§ Exercise aim
Retype, word for word, the line holding "LongPlus 8MP 4K" and each line after it down to the end of the data; pictures are not copied.

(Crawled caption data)
*** Block opens ***

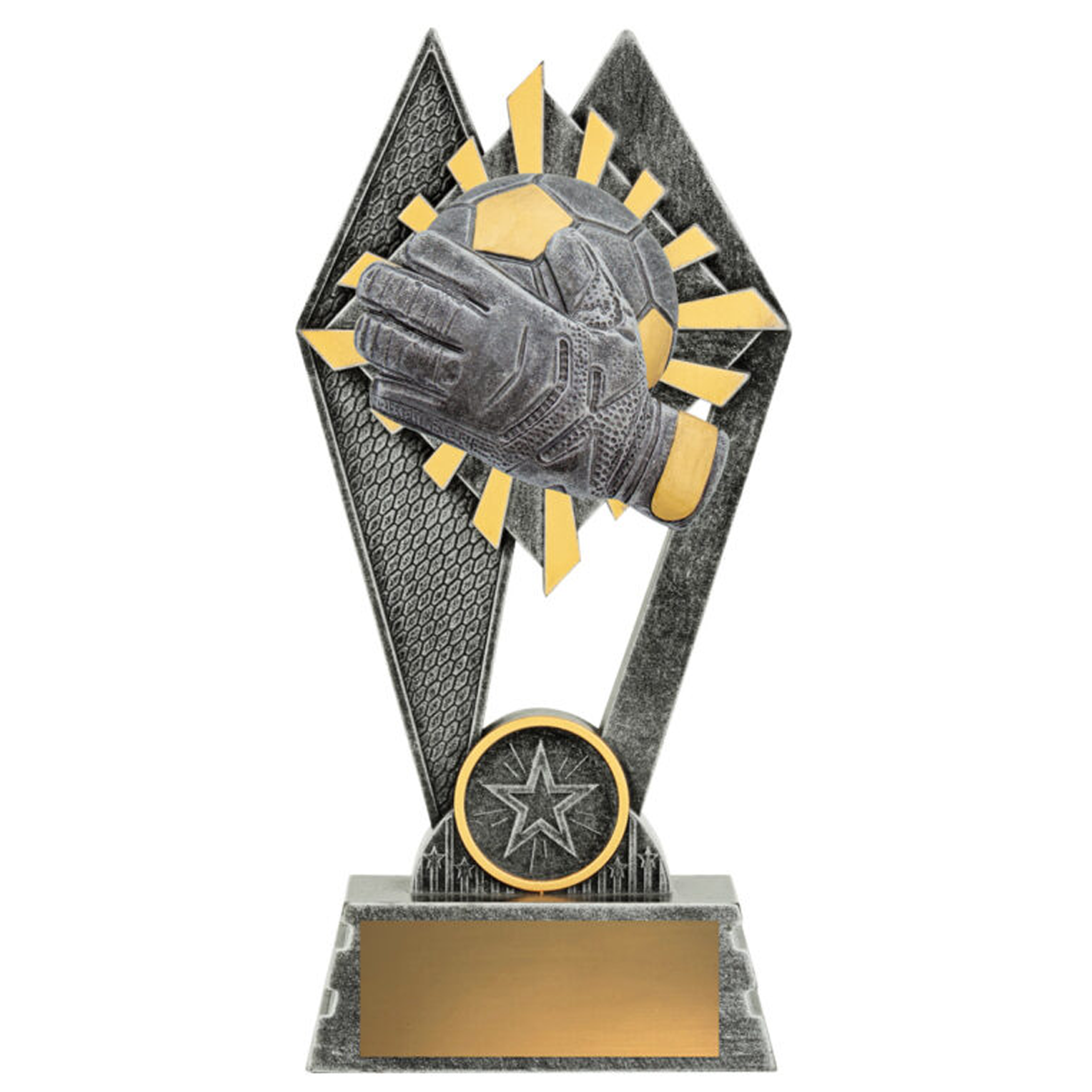 Peak Goalkeeper Trophy Antique Silver 3 Sizes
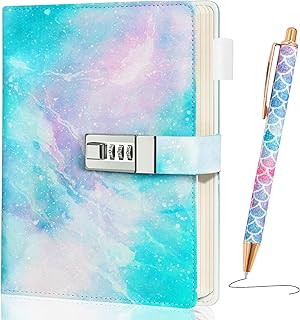 Diary with Lock for Girls Age 8-12, A5 Sectet Journal with Lock, 192 Pages Password Notebook Lock Diary with Pen, Preppy Aesthetic Journals Cute Stuff Birthday Gifts for Teen Girls & Women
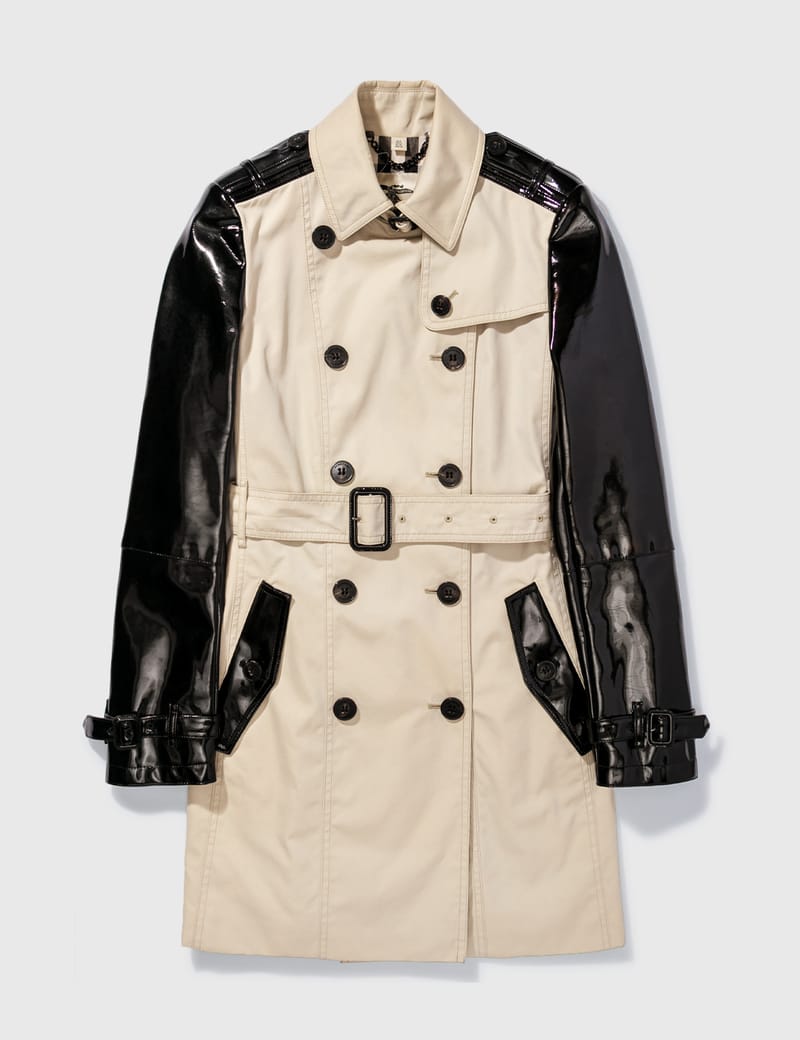 Burberry trench with sales leather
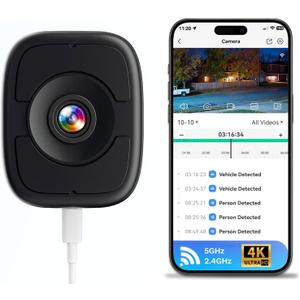 LongPlus 8MP 4K Indoor Window Camera, Safeview Window Security Camera with Night Vision Full Color, Magnetic Window Camera for Home Security,Human Car Detection,2.4/5GHz WiFi,24/7 Recording,2 Way Talk
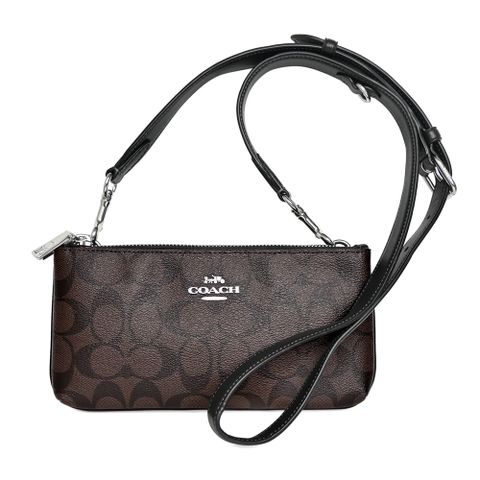 COACH 蔻馳 深咖C Logo黑邊橫式方型拉鍊雙層斜背隨身包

*** Block closes ***

§ Problem solution
 LongPlus 8MP 4K Indoor Window Camera, Safeview Window Security Camera with Night Vision Full Color, Magnetic Window Camera for Home Security,Human Car Detection,2.4/5GHz WiFi,24/7 Recording,2 Way Talk
 COACH 蔻馳 深咖C Logo黑邊橫式方型拉鍊雙層斜背隨身包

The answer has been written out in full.